歌会たかまがはら

毎回お題に沿った短歌を募集してゲストの方とおしゃべりする短歌の番組です。
YouTubeで配信しています。

歌会たかまがはら2022年5月号 お題発表+投稿歌募集

2022年04月09日 | 歌会告知
お待たせいたしました!

歌会たかまがはら2022年5月号の開催要項を発表します。

お題:「歩く」※テーマ詠
締切日:2022年5月22日(日)
配信日:2022年5月30日(月)21時~(予定)
ゲスト:夜夜中さりとてさん
となります。

※今回のお題は「歩く」です。テーマ詠となります。歩くことに関する短歌をご投稿ください。
※今回のフリートークは「夜夜中さりとてさんへの質問」と題して、皆様から夜夜中さりとてさんに対して聞いてみたいことをテーマにお話します。夜夜中さりとてさんにお聞きしたいことがあれば投稿メールと一緒にお送りください。なお、歌会たかまがはらの配信内では時間の都合上、いただいた「夜夜中さりとてさんへの質問」にすべてお答えできません。

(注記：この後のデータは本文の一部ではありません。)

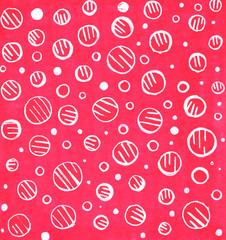 Red with white circles abstract background. Drawn with marker and liner.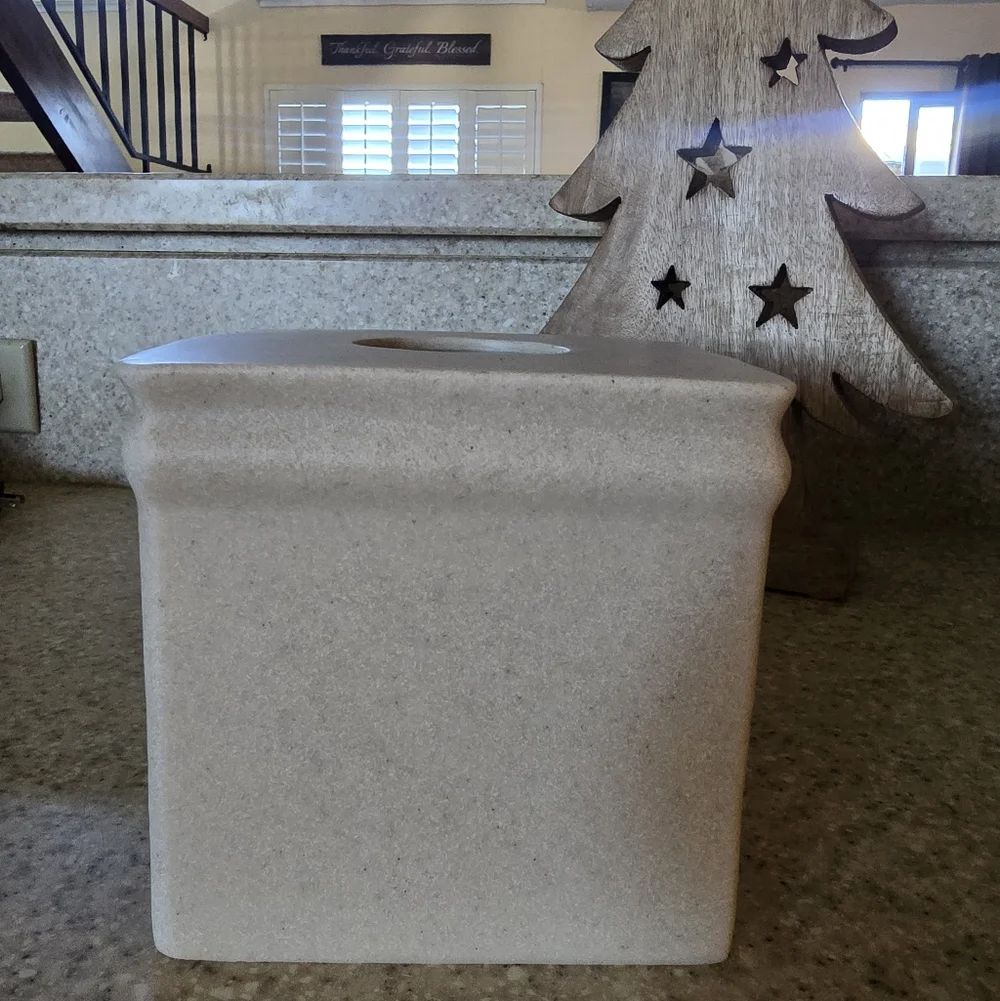 Elegant Beige Square Resin Tissue Box Cover - Picture 2 of 5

配信内でお聞きできなかった「夜夜中さりとてさんへの質問」は後日、ブログにアップいたします。

<投稿方法について>
※投稿方法は(1)歌会たかまがはらへメールを送る、(2)歌会たかまがはらTwitterアカウントへダイレクトメールを送る、の2種類があります。

(1)歌会たかまがはらへメールを送る
・ utakai_takamagahara@yahoo.co.jp 宛てにメールでお送りください。
・投稿するメールの題名には「歌会たかまがはら短歌投稿」とお書きください。

(2)歌会たかまがはらTwitterアカウントへダイレクトメールを送る
・歌会たかまがはらTwitterアカウント(@utamagahara)をフォローの上、ダイレクトメールをお送りください。
※リプライでの投稿は受け付けておりません。ご注意ください。

<投稿内容について>
※投稿内容は(1)(2)の方法とも共通となります。下記の内容を記載ください。
  1:投稿する短歌(必須・読みにくい漢字等にはふりがなをお願いします)
  2:お名前(必須)
  3:ふりがな(必須)
  4:お住まい(なくてもOKです)
  5:夜夜中さりとてさんへの質問(なくてもOKです)
※一人何首ご投稿いただいてもかまいません。
※投稿歌は自作の短歌に限ります。
※投稿歌は未発表作でも既発表作でもかまいませんが、著作権の絡んでいる短歌のご投稿はご遠慮いただけますよう、よろしくお願いいたします。


<その他について>
※質問等がございます場合は、天野うずめ宛にお聞きください。
※ご投稿いただいた短歌についての取り扱いは以下の通りです。
・配信・ブログで紹介した投稿歌→既発表
・配信・ブログで紹介しなかった投稿歌→未発表
・既発表の投稿歌→配信・ブログで紹介したかしないかにかかわらず既発表


それでは、皆様のご投稿をおまちしています!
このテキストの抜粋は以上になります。